Forty (one) years of New Horizons

By: Winston Watusi

Winston Watusi
Music Plus

 I get increasingly sick of today’s “influencers” - mostly fly-by-night narcissists angling for sponsorship and self-promotion.    

But there are real Kiwi influencers out there on the music scene, commentators who are thoughtful, engaging and widely knowledgeable, who have been sharing sounds and opinions for years, enriching lives along the way.

They have mine. Only last week, a radio review led to jazz guitarist Pasquale Grasso. Many thanks! 

I’ve previously mentioned Graham Reid, long-time writer for The Herald, The Listener and his own remarkably broad website, Elsewhere. Then there’s Nick Bollinger, currently on sabbatical from his National Radio programme, The Sampler, to write another book. And of course Marty Duda, who runs the Thirteenth Floor website and seems to have seen every band in the world.

At the top of that tree is William Dart, whose programme New Horizons on Radio NZ Concert last year celebrated 40 years on air.

As someone struggling to keep up with a limited range of music, what blows me away is that he has over that time covered pretty much every style of music, from in-depth critiques of orchestra performances, to jazz, to classic rock, folk, soul... you name it.

Recent episodes of New Horizons have featured Merk, Elvis Costello, The Kinks and Lorde. One programme runs from Joni Mitchell to Scottish singer Alasdair Roberts and the Norwegian band Völvur.

William Dart

Pilot

It started with ten pilot shows in 1980 - a venture so prestigious at the time that it merited a Listener cover. These days in lockdown, William’s recording voice tracks in the basement and sending them and the music files to his producer of two decades, Tim Dodd, to assemble.

That first run was a “try-out”, the ten programmes focusing on specific artists or styles, including Lou Reed and (40 years earlier!) Joni Mitchell. One session looked at newish punk music, dodging possibly offensive lyrics, which was tricky in those cleaner times: “I remember playing Nick Lowe’s Marie Prevost,” says William, “with its line ‘she was a winner who became a doggie’s dinner’ and seeing producer Pat Towsey sighing with horror through the soundproof window.” 

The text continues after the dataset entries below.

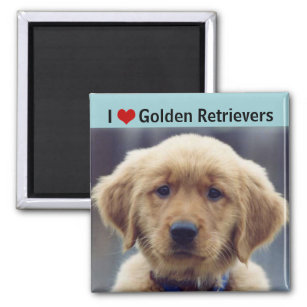 I Love Golden Retrievers Cute Puppy Magnet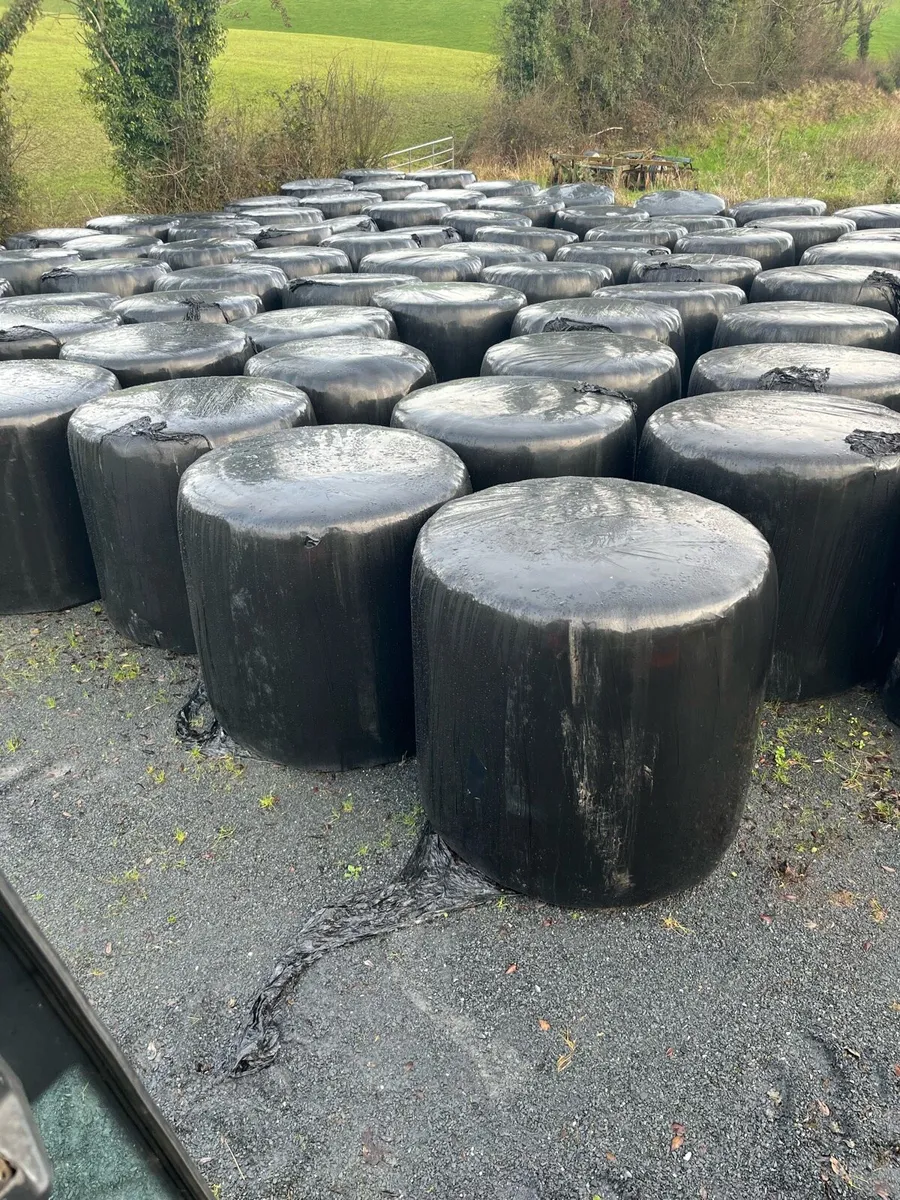 Bales of Silage - Image 1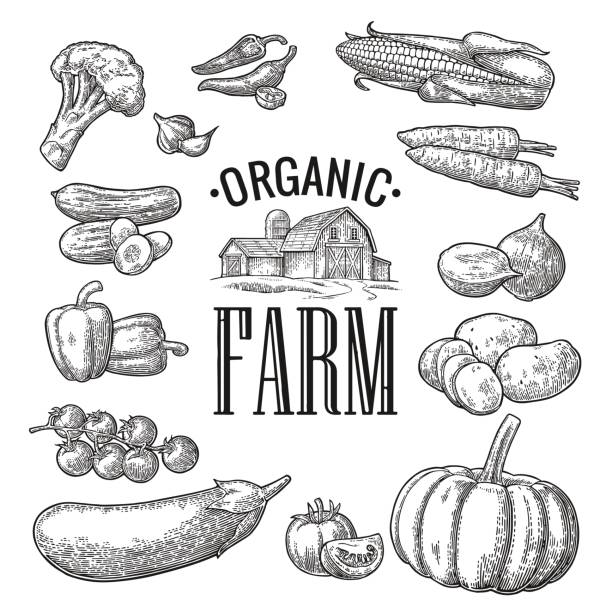 ilustrações, clipart, desenhos animados e ícones de ajuste vegetais e rotulação orgânica da exploração agrícola. vintage preto da gravura do vetor - farm vegetable black landscape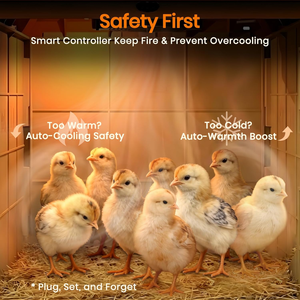 Poultry Winter <b>Heater</b> Smart Auto Temperature Control Heat Circulating Fan Brooder Coop UL Compliant Safe Chick Device - Product Image 4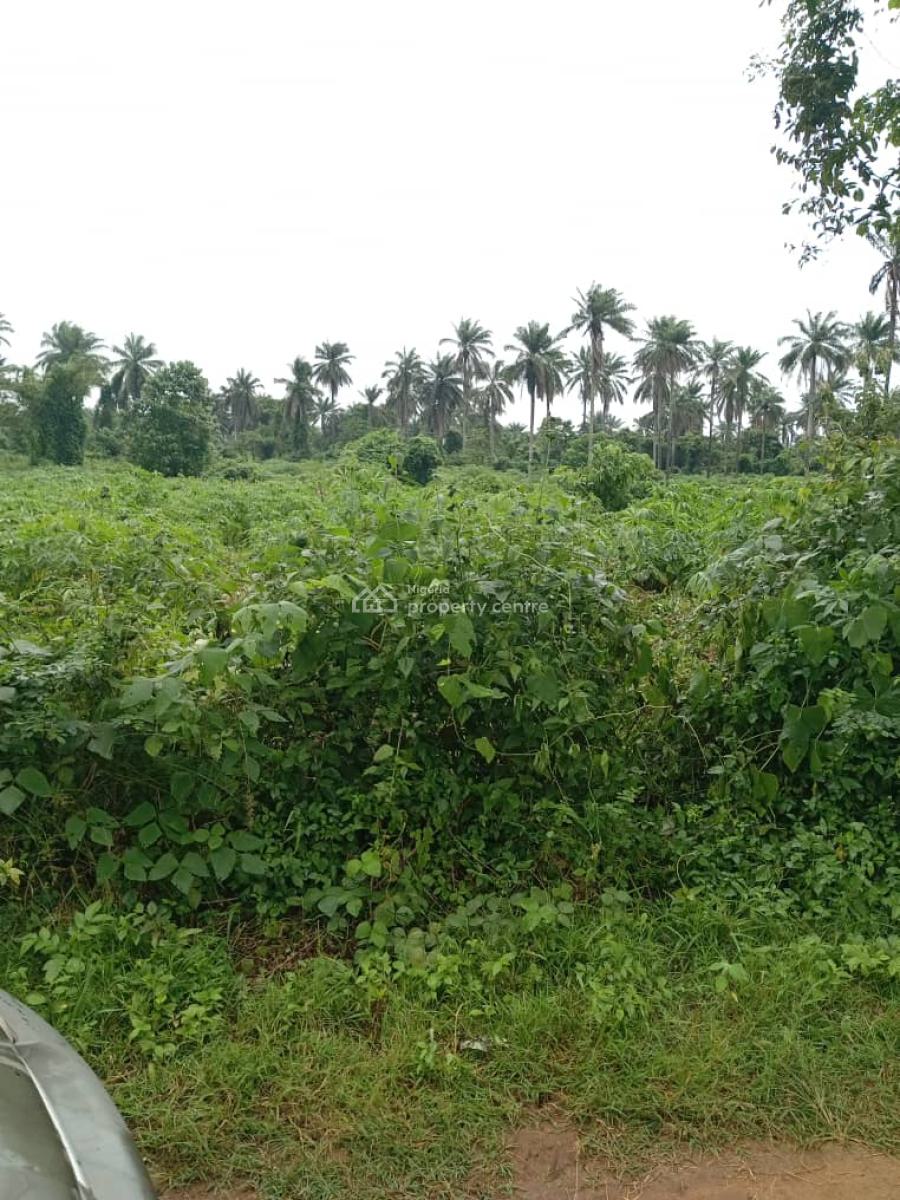800 Estats  Land for Farming with a Registered Survey Plan in Ogun, Milebrook Farm City Via Ipara Ogere Rd, Obafemi Owode, Ogun, Mixed-use Land for Sale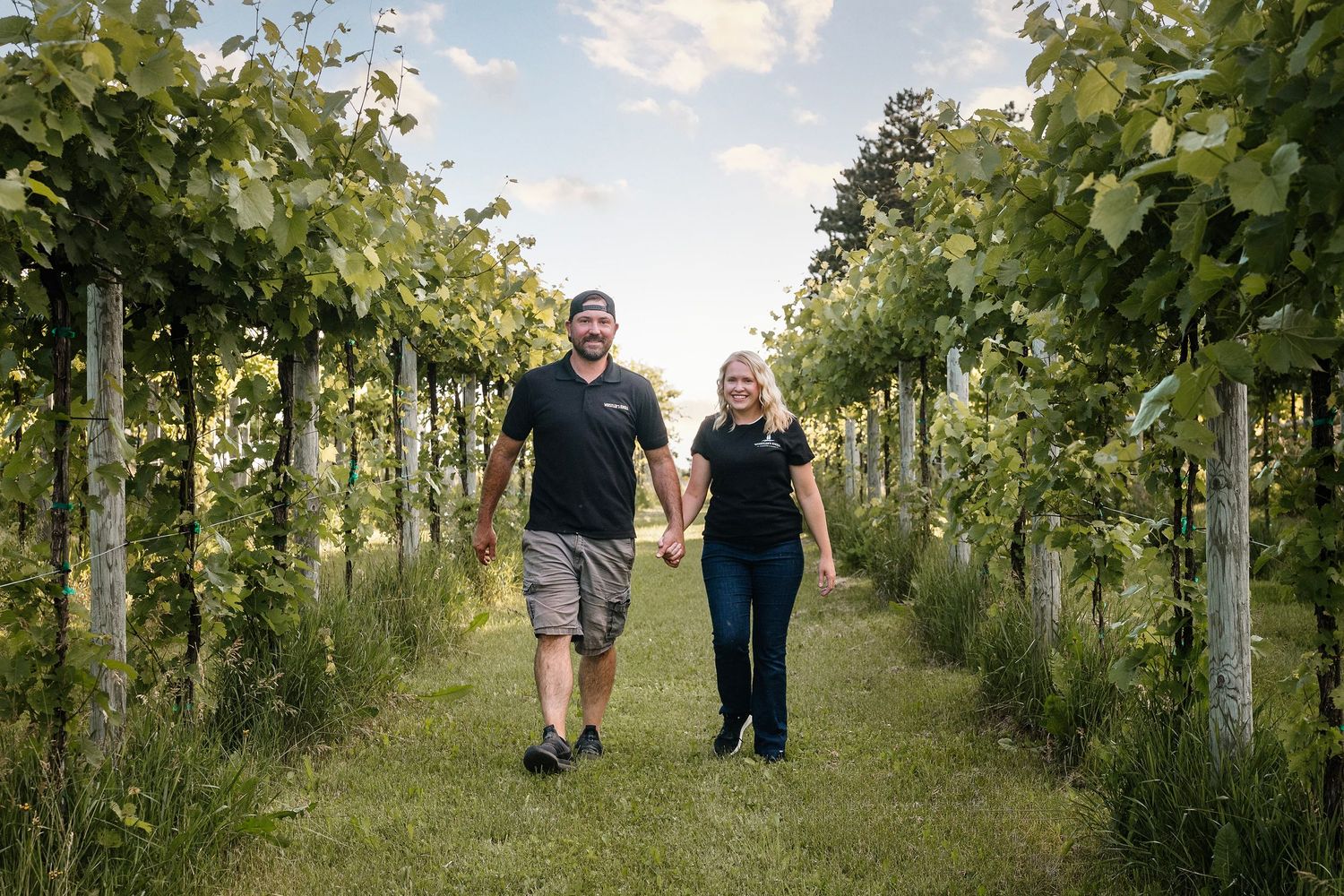 Couple holding hands walking through lush green vineyard rows on a sunny day.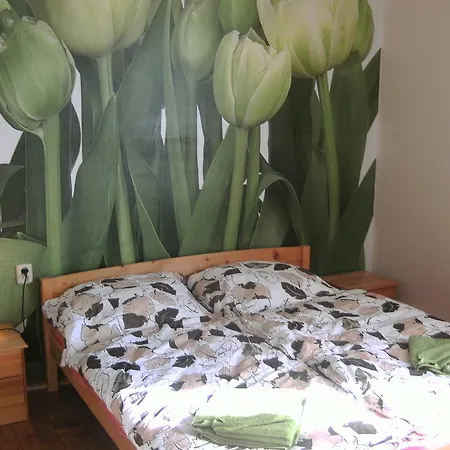 Appartamento Millo *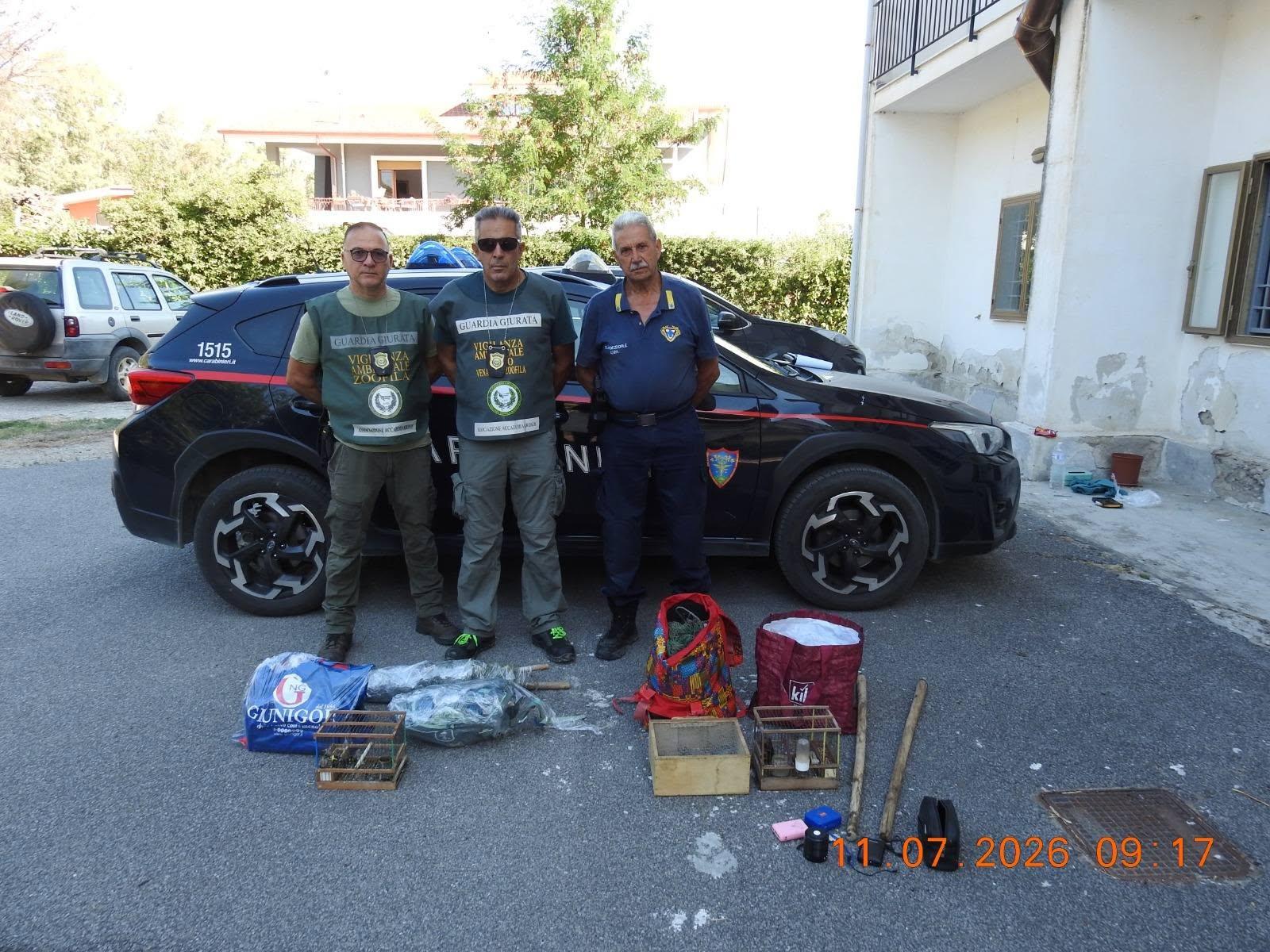 Bracconaggio a Capaccio Paestum, scoperto sito illegale di cattura: due denunce e volatili feriti sequestrati
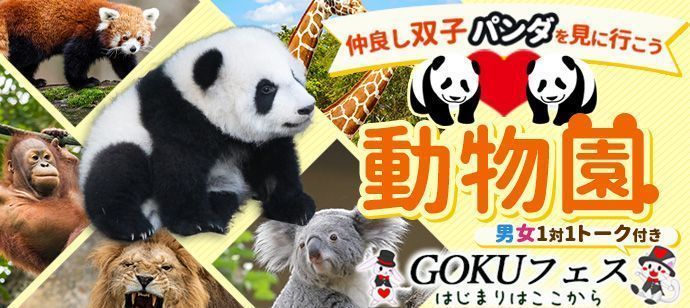 パーティーID:4238549の画像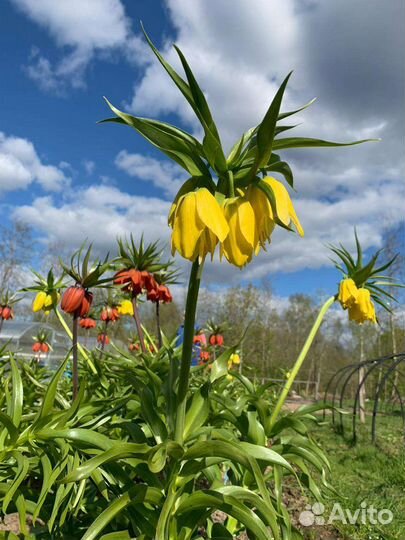 Рябчик императорский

William Dart actually has strong Bay Of Plenty connections. He grew up in Whakatāne and was Dux of the High School. He learnt piano, and eventually left Auckland University with a BMus, MMus and finally a PhD, a musicological one, studying the English art songs of Hubert Parry and Cyril Scott.

His two main jobs have been music teaching at Pakuranga’s Edgewater College and lecturing in Waikato University’s music department.

Composer

“In the 1980s I was a reasonably active theatre composer. In 1981 we had a national tour of Songs to the Judges, which I had written with playwright Mervyn Thompson, based on the government’s often shocking treatment of Māori, especially in terms of land issues. In 1982 we toured Give Us a Kiss, which was a cabaret-style show around gay rights.”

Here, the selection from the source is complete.